Problem to work on:
Print the listing below exactly, leaving nothing out.

'''

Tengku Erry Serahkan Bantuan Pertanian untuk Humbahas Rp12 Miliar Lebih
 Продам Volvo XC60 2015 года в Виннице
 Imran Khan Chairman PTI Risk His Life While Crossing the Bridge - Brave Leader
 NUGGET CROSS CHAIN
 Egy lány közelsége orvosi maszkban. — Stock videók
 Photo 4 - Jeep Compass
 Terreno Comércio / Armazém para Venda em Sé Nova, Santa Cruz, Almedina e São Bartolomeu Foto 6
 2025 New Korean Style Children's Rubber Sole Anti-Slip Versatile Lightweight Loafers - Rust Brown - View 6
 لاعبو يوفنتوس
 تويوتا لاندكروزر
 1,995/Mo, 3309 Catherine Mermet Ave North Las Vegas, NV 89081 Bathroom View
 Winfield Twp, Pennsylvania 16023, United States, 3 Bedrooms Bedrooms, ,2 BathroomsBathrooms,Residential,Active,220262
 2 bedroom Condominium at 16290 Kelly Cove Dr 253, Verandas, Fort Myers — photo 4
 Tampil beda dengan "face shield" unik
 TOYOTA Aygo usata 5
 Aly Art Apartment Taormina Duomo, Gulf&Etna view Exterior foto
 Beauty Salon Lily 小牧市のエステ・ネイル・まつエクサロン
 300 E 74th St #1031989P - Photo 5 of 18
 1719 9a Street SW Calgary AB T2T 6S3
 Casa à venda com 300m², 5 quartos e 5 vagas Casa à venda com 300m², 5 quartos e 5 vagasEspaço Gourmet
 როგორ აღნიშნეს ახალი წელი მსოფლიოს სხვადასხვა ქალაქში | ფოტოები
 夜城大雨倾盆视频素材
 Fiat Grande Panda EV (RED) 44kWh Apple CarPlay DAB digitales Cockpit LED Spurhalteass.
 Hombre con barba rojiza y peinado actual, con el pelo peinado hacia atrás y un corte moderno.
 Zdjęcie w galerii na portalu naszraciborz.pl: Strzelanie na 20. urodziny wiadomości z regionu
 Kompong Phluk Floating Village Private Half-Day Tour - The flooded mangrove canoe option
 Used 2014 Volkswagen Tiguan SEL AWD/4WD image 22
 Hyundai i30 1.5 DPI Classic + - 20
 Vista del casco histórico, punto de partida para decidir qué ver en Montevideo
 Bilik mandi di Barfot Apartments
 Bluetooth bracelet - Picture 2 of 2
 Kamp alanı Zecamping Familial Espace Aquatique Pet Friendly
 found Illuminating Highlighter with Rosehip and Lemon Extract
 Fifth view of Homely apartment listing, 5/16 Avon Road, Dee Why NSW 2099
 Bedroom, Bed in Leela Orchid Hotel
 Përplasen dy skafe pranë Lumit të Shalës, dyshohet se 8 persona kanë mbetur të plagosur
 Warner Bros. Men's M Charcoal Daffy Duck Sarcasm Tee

'''

Result:
Tengku Erry Serahkan Bantuan Pertanian untuk Humbahas Rp12 Miliar Lebih
 Продам Volvo XC60 2015 года в Виннице
 Imran Khan Chairman PTI Risk His Life While Crossing the Bridge - Brave Leader
 NUGGET CROSS CHAIN
 Egy lány közelsége orvosi maszkban. — Stock videók
 Photo 4 - Jeep Compass
 Terreno Comércio / Armazém para Venda em Sé Nova, Santa Cruz, Almedina e São Bartolomeu Foto 6
 2025 New Korean Style Children's Rubber Sole Anti-Slip Versatile Lightweight Loafers - Rust Brown - View 6
 لاعبو يوفنتوس
 تويوتا لاندكروزر
 1,995/Mo, 3309 Catherine Mermet Ave North Las Vegas, NV 89081 Bathroom View
 Winfield Twp, Pennsylvania 16023, United States, 3 Bedrooms Bedrooms, ,2 BathroomsBathrooms,Residential,Active,220262
 2 bedroom Condominium at 16290 Kelly Cove Dr 253, Verandas, Fort Myers — photo 4
 Tampil beda dengan "face shield" unik
 TOYOTA Aygo usata 5
 Aly Art Apartment Taormina Duomo, Gulf&Etna view Exterior foto
 Beauty Salon Lily 小牧市のエステ・ネイル・まつエクサロン
 300 E 74th St #1031989P - Photo 5 of 18
 1719 9a Street SW Calgary AB T2T 6S3
 Casa à venda com 300m², 5 quartos e 5 vagas Casa à venda com 300m², 5 quartos e 5 vagasEspaço Gourmet
 როგორ აღნიშნეს ახალი წელი მსოფლიოს სხვადასხვა ქალაქში | ფოტოები
 夜城大雨倾盆视频素材
 Fiat Grande Panda EV (RED) 44kWh Apple CarPlay DAB digitales Cockpit LED Spurhalteass.
 Hombre con barba rojiza y peinado actual, con el pelo peinado hacia atrás y un corte moderno.
 Zdjęcie w galerii na portalu naszraciborz.pl: Strzelanie na 20. urodziny wiadomości z regionu
 Kompong Phluk Floating Village Private Half-Day Tour - The flooded mangrove canoe option
 Used 2014 Volkswagen Tiguan SEL AWD/4WD image 22
 Hyundai i30 1.5 DPI Classic + - 20
 Vista del casco histórico, punto de partida para decidir qué ver en Montevideo
 Bilik mandi di Barfot Apartments
 Bluetooth bracelet - Picture 2 of 2
 Kamp alanı Zecamping Familial Espace Aquatique Pet Friendly
 found Illuminating Highlighter with Rosehip and Lemon Extract
 Fifth view of Homely apartment listing, 5/16 Avon Road, Dee Why NSW 2099
 Bedroom, Bed in Leela Orchid Hotel
 Përplasen dy skafe pranë Lumit të Shalës, dyshohet se 8 persona kanë mbetur të plagosur
 Warner Bros. Men's M Charcoal Daffy Duck Sarcasm Tee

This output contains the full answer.